Alguns julgavam que o rei estava escondido em uma ilha ou território esperando o melhor momento para regressar. O Sebastianismo não chegou a se concretizar, mas é recheado de simbolismos na história de Portugal. Passados tantos séculos, ainda está no país entre folclores e até monumentos.
- Até hoje, no Mosteiro dos Jerônimos, construção em estilo manuelino em Belém localizada à beira do rio Tejo, está o túmulo vazio de Dom Sebastião esperando pelo seu retorno - disse o historiador da Uerj e da UFF.
Ainda há controvérsias históricas em torno de onde estão os restos mortais de Dom Sebastião.
MUDANÇAS SIGNIFICATIVAS PARA O BRASIL
Os desdobramentos em torno do sumiço de Dom Sebastião foram relevantes para o Brasil. Sucessor no trono, seu tio-avô, o Cardeal Dom Henrique, ficou no poder por dois anos. Contudo, sua morte fez com que a dinastia de Avis perdesse sua autonomia.

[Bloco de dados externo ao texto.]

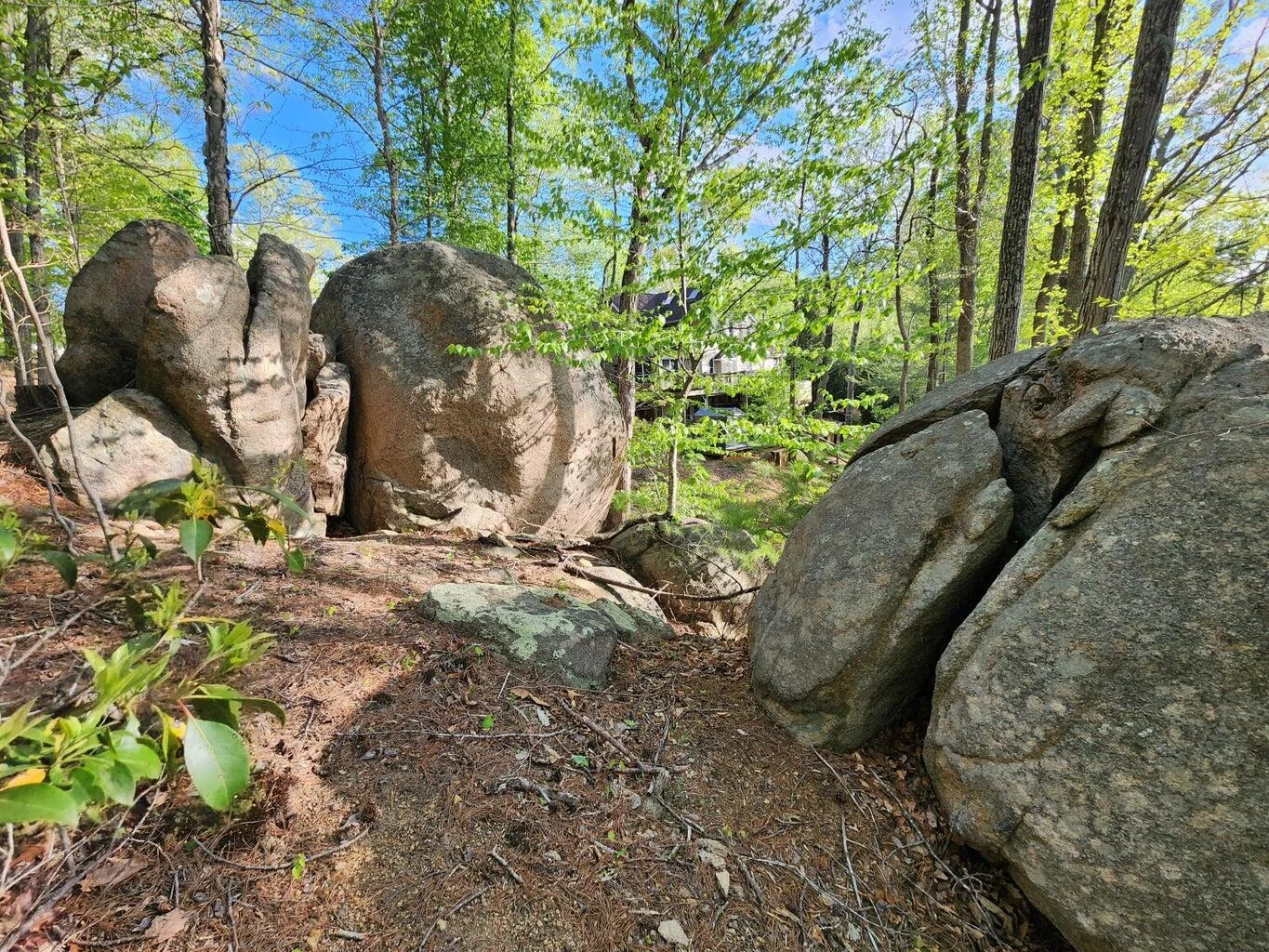 Lot 100 Lakeshore Terrace RD - Photo 12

Entre 1580 e 1640, com Filipe II à frente da União Ibérica, as fronteiras entre os reinos de Portugal e Espanha ficaram mais flexíveis e isto permitiu que o território brasileiro do país fosse expandido. Somente com os Bragança, a dinastia de Avis retomaria o poder.

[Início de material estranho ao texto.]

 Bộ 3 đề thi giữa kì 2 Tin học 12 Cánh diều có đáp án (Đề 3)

O mito do Sebastianismo também atravessou fronteiras. O professor Marcus Dezemone detalhou a chegada desse tom messiânico ao Brasil.
- O movimento sebastianista foi tão forte que veio para a América, com a colonização do Brasil. Ele esteve presente em episódios como a Guerra de Canudos, que aconteceu no interior da Bahia entre 1896 a 1897. Os sertanejos que tinham a confiança em Antônio Conselheiro acreditavam que Dom Sebastião iria ajudá-los - recordou-se o professor.
Houve outros episódios sebastianistas. Existem registros de que, em 1820, em Bonito, no estado de Pernambuco, aconteceu um movimento com influência em Dom Sebastião na Serra do Rodeador, marcado pela "Tragédia do Rodeador". Já em 1838, teria acontecido outro movimento em São José do Belmonte, em Pernambuco, na Pedra do Reino (resgatada pelo escritor Ariano Suassuna no livro "O Romance d'A Pedra do Reino e o Príncipe do Sangue do Vai-e-Volta").
INFLUÊNCIA DA BATALHA
No Amapá, a Batalha de Alcácer-Quíbir influencia toda uma cidade. Mazagão é uma colônia portuguesa no Marrocos que foi desativada e, posteriormente, transferida para a Amazônia no século XVIII. Após se desenvolver em torno da cultura dos dois países, o legado permaneceu.
A Festa de São Tiago (que completou 245 anos) traz a batalha entre mouros, que representam o Marrocos, e cristãos, representantes de Portugal. Na cidade estão hasteadas bandeiras dos dois países junto às do município, do Amapá e do Brasil.
Resta saber quem levará a batalha nas quartas de final da Copa entre Marrocos e Portugal.